Amid all the hand-wringing about the dearth of women in technology, a new initiative called “Girls Who Code” aims to do something about it. It’s also attracted the backing of a number of tech titans, including Twitter, Google and eBay.
The eight-week program, which begins this month, seeks to expose 20 teen girls from underserved communities in New York City to intensive tech courses such as web development, robotics and app development.
And although the program is launching in New York City, its goal is to expand to other major cities next year.
One Effort Leads to Another
Program founder Reshma Saujani, a former deputy public advocate in New York City, says that during her unsuccessful 2010 run for U.S. Congress she saw the latest technology and labs in wealthier neighborhoods, such as Manhattan’s Upper East Side. But in poorer neighborhoods, Saujani would find situations like one computer in a church basement.
Saujani told The Wall Street Journal:
Women are going to be left behind. Technology has the potential to create income inequity and we need to do something about it.
And she told The Huffington Post:
From the beginning, we wanted to create this sisterhood…No doubt they’ll need it with the “brogrammer” culture too often at play.
According to the Girls website, 54 percent of college graduates are women but they make up just 14 percent of computer science grads. Part of the effort will focus on creating a culture for success.
Even with the low numbers of women coming out of college with tech degrees, there are more sobering statistics as women pursue their careers:
- In May, the unemployment rate for women in computer and mathematical occupations stood at 6.8 percent, compared 2.3 percent for men.
- The percentage of CIOs who are women dropped from 11 percent in 2011 to 9 percent this year, according to a recent Harvey Nash survey.
- Thirty percent of 450 companies in the Harvey Nash poll said their IT departments have no women in management positions at all.

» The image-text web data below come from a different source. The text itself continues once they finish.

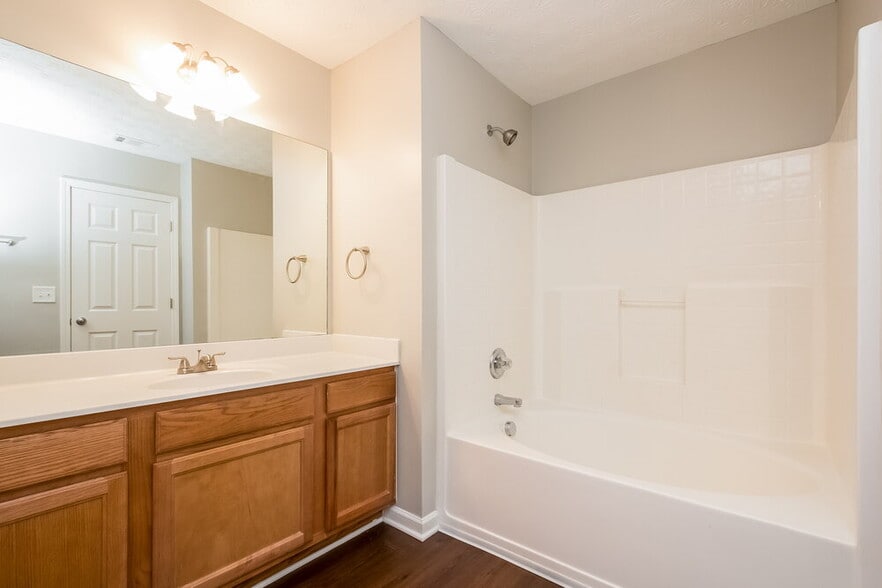 Building Photo - 541 Double Creek Dr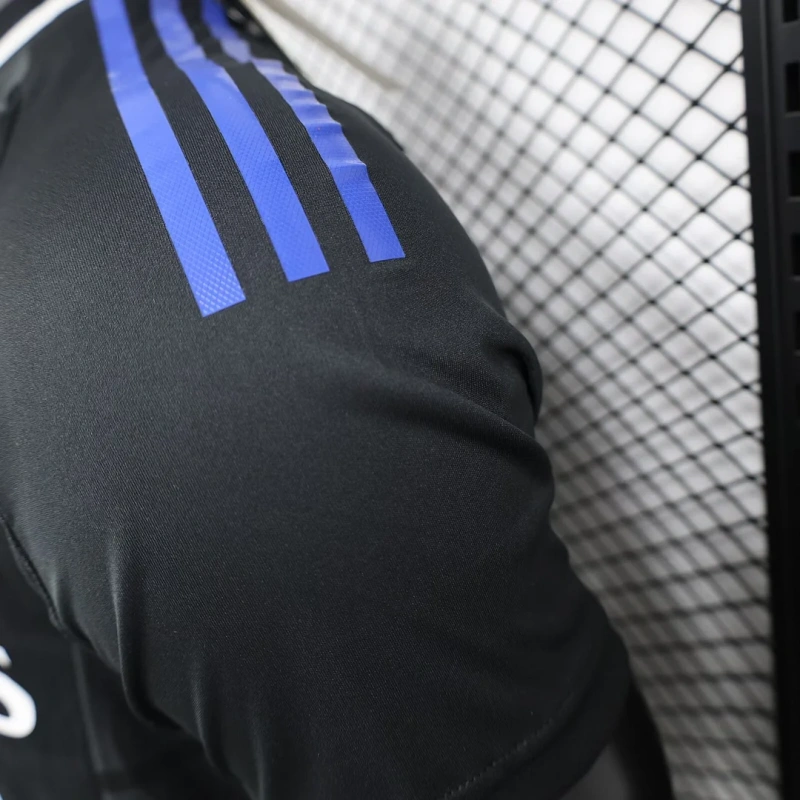 2024/2025 Player Version Lyon Away Football Shirt - Image 6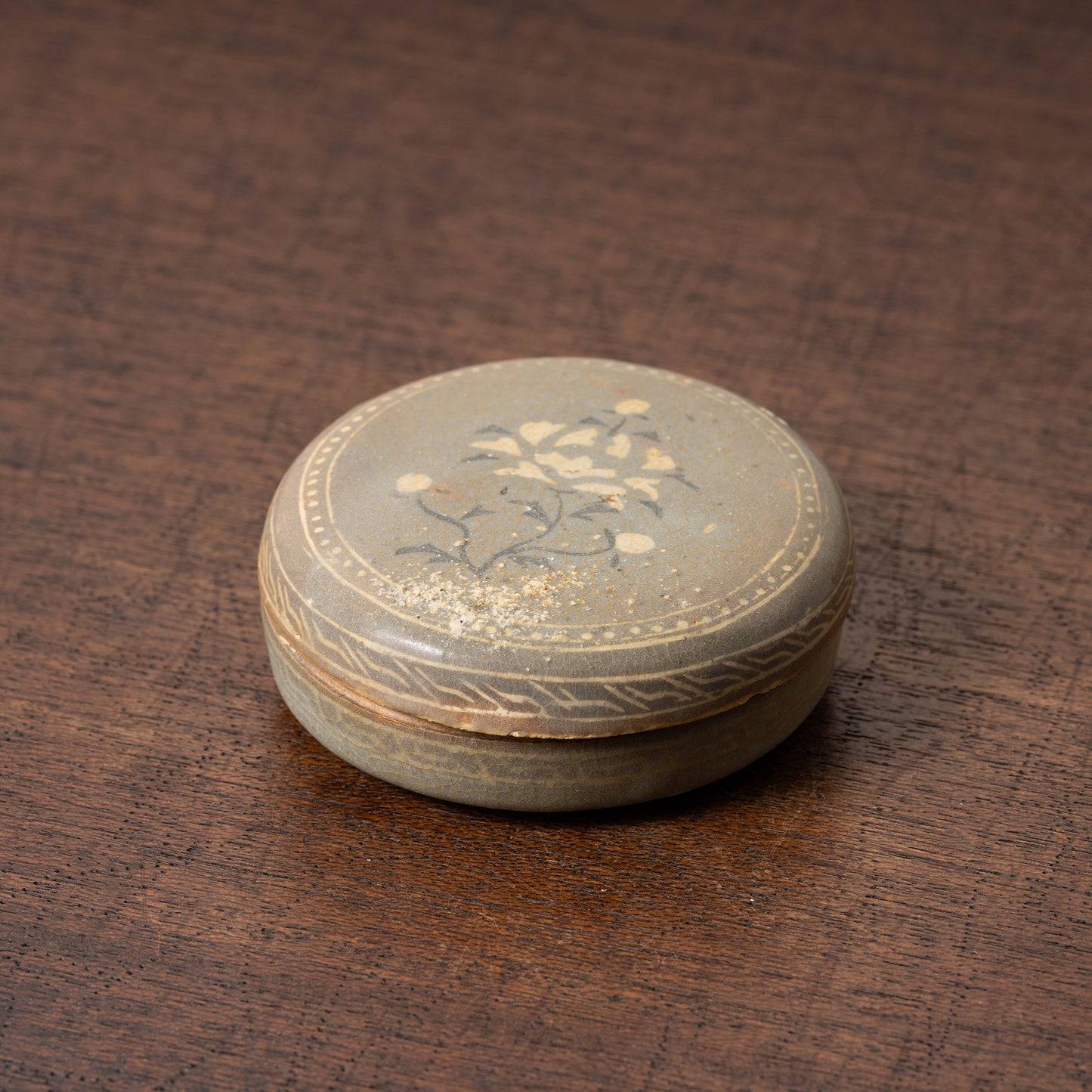 高麗 青磁象嵌牡丹文合子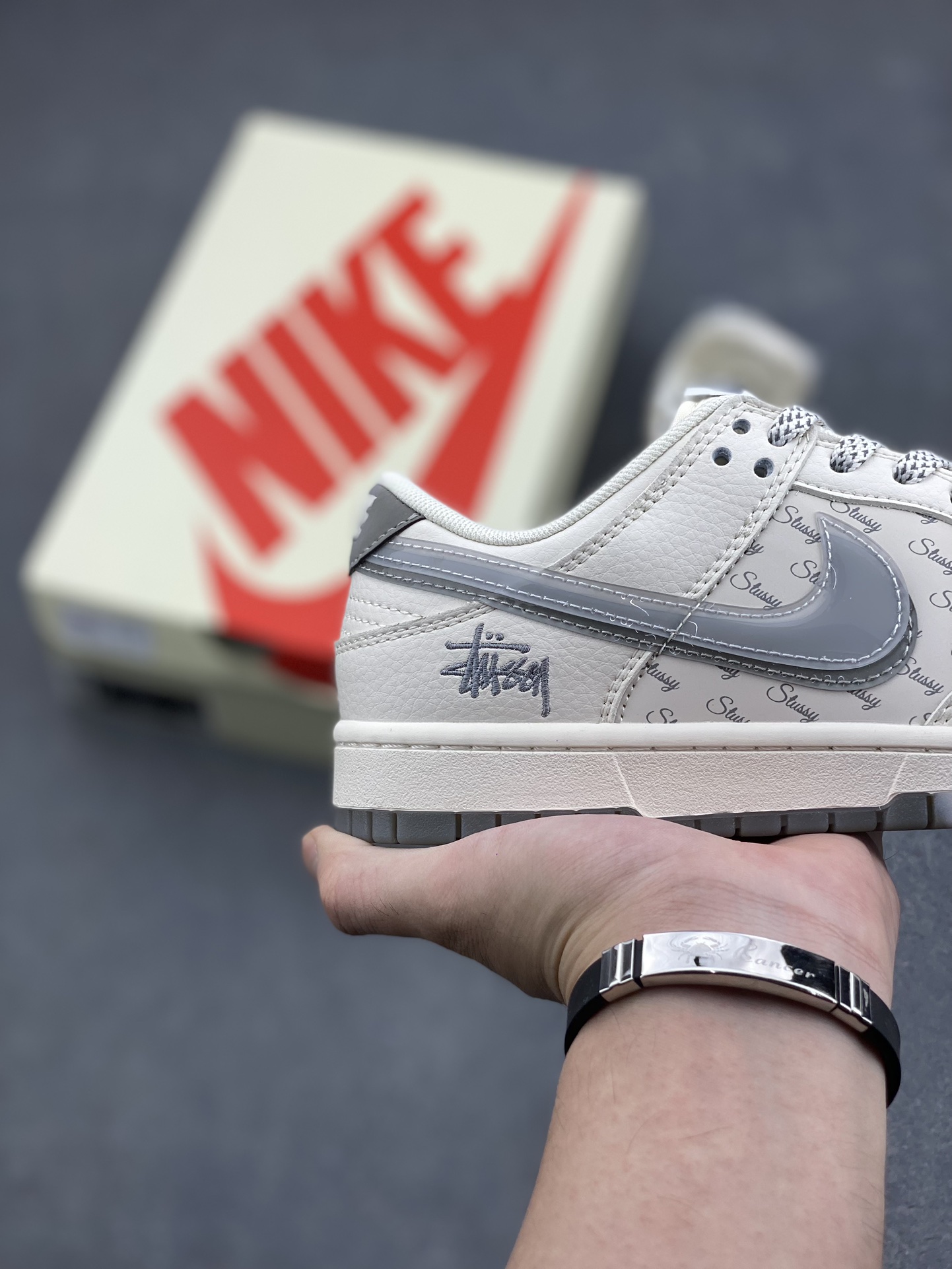 Nike SB Dunk Low Stussy White Grey – Anniversary Edition Custom Sneakers 5 i1727378302 3495 3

In research at the University of Wisconsin-Milwaukee of 3,700 women engineers who had left the field, a third left because they didn’t like the workplace climate, their boss or culture while almost half left because of working conditions, too much travel, lack of advancement or low salary. (They could choose more than one answer). And despite stereotypes about women’s family obligations, only one in four women cited that as a reason for leaving the field.